A few months ago Linus told me that Git was ready for folks like me to use it. At the same time he also discussed the following issue:
Git is, essentially, a content based filesystem or object store. It uses the SHA-1 cryptographic hash of a file as that file's name.
When last Linus and I talked (which was also the first and only time we have ever talked in person, at a restaurant - we've only briefly talked via email and newsgroups otherwise) Linus assured me that Git could handle the case where two objects had the same hash. I haven't seen how it is handled in the code. The Git discussion groups seem to be populated by people who cannot imagine that a collision would ever occur. I'm willing to believe that Linus has handled it properly.

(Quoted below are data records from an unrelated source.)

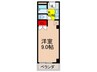 ネオコ－ポイケダヤ２号館 1Kの間取り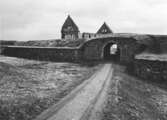 Visingsborgs slottsruin på Visingsö.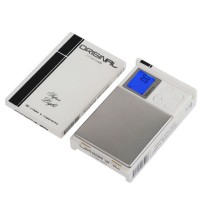 100g x 0.01g Professional Mini Digital Pocket Scale Cigarette Case CC-100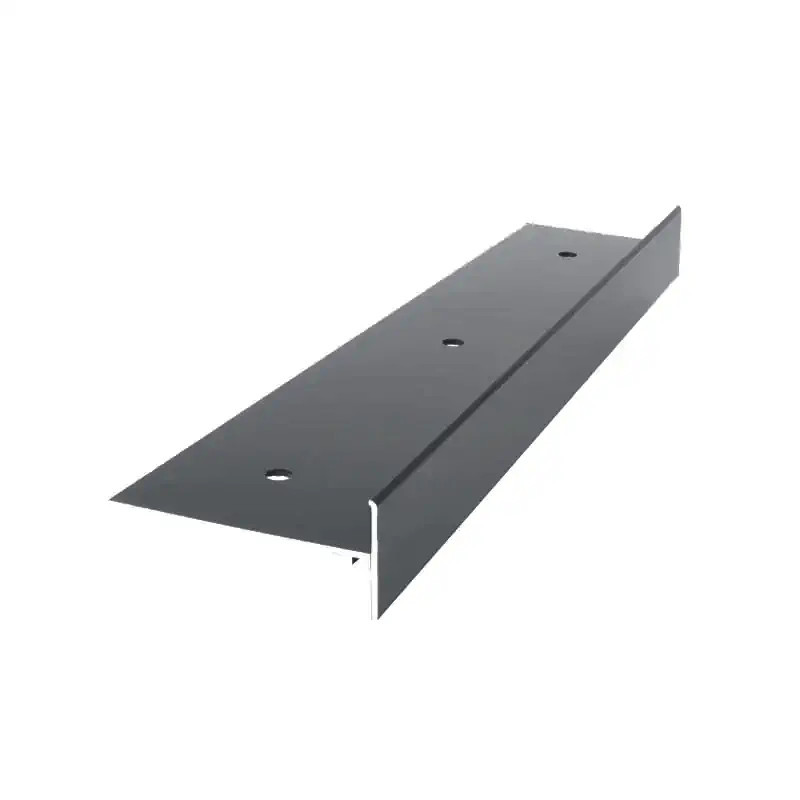 Renoplast K35B profil boczny do systemu tarasowego RAL 7024 grafit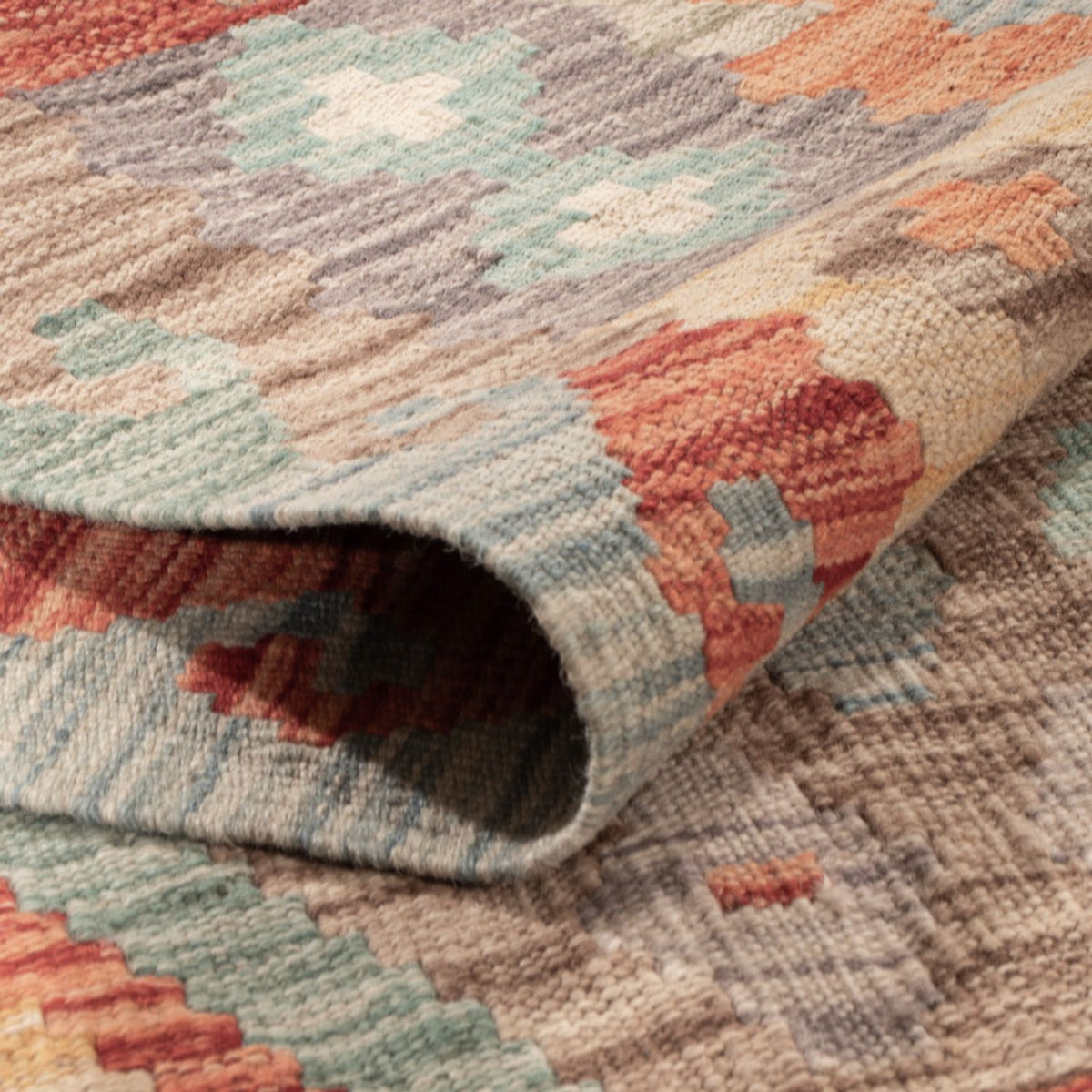 Tappeto Kelim - Splash - 177 x 125 cm - multicolore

I'm going to use this blog to discuss what properly is.
First off, the basics: I'm with Val Henson, http://infohost.nmt.edu/~val/review/hash.pdf: using compare-by-hash without being prepared to handle collisions is bad, Bad, BAD. Given a large enough collection of files, a hash collision will occur. Worse if one can be constructed by a malicious user seeking to corrupt a repository.
But I really like the convenience and efficiency of compare-by-hash --- I call it "content based" addressing. So I want a content based scheme that handles collisions.

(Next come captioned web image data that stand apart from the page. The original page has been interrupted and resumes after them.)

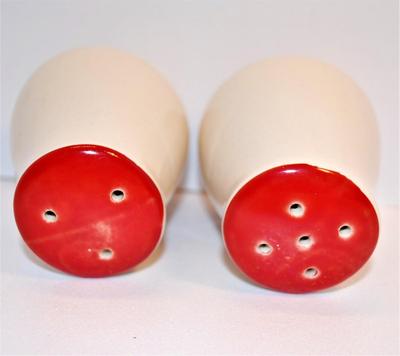 Snowmen with Gum Drops and Candy Canes with Red Hats 3 1/2"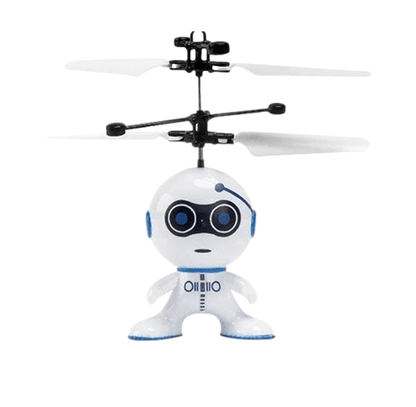 Robot volador con sensor de inducción - innovagizmo.com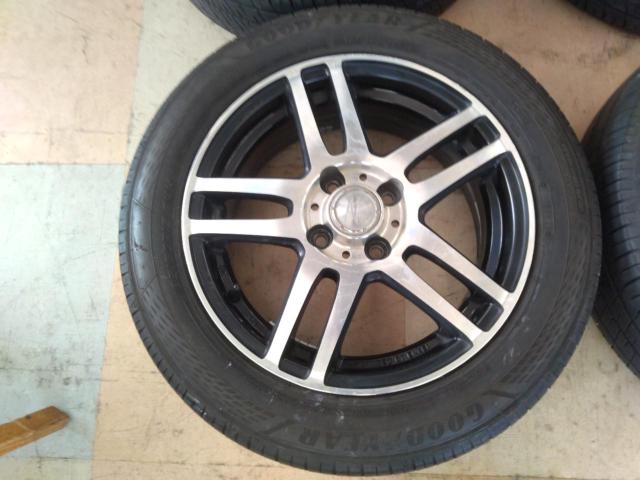 KYOHO
Made ENKEI
ZOLF
Zolf
Wheel
+
GOODYEAR (Goodyear)
EficientGrip
EG02
185 / 60R15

I can't understand why everyone doesn't do it: it's pretty simple.
E.g. in the object store, you create an index that maps hashes to object names. The object names could still be the cryptographic hash, perhaps with an instance number appended: i.e. the first object in the repository that has hash F00 would be named F00-0, the next F00-1, etc.
If you are so confident that there will never be collisions, you will only see F00-0 names, right? What does it harm you to append the instance number?

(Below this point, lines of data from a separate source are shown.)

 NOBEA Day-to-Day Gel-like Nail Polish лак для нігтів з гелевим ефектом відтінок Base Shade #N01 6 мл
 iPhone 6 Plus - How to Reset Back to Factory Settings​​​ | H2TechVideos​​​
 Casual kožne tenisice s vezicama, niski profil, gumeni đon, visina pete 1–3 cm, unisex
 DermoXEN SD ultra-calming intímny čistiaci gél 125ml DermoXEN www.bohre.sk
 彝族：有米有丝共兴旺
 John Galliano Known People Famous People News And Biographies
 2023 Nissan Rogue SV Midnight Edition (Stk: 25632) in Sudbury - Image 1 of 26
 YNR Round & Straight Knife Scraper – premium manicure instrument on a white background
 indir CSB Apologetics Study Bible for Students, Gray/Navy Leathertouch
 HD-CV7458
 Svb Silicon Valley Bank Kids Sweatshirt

Or, you could use some other scheme for creating a unique name for the repository, such as a sequece number. In fact, I would probably suggest using both such designation schemes: sequence numbers inside the repository are more likely to need to be changed when two different repositories are merged. Hashes are more likely to be unique - although, if you merge two repositories that both have F00-0 objects, which are different, one is going to be named F00-1 after the merge. But, again, for those who are confident that collisions will never occur, you will never see this _slight_ renaming.
The only way in which this deviates from compare-by-hash content based systems such as Monotone is that, when you are adding an object to the repository, you don't just stop when you have computed the hash, and have seen that the hash is already in the repository. You have to compare the new object to the object that is already in the database that has the same hash. I.e. you use the hash to determine who to compare to, but you still do a full comparison.
Note: to compute the hash of the new object, you have to scan all of its bytes. That's O(n) work. To do the full comparison is still O(n) work - albeit with a bigger constant multiplier, circa 3X (one scan for the hash, then a scan of both the new and old object for the compare).
This suggests that you may not want to use a cryptographic hash of the entire file's n bytes. You may want a sampled hash. E.g. a hash of the first kilobyte, or a random selection of bytes. The purpose of the hash is now just to reduce the probability of collision, not eliminate it.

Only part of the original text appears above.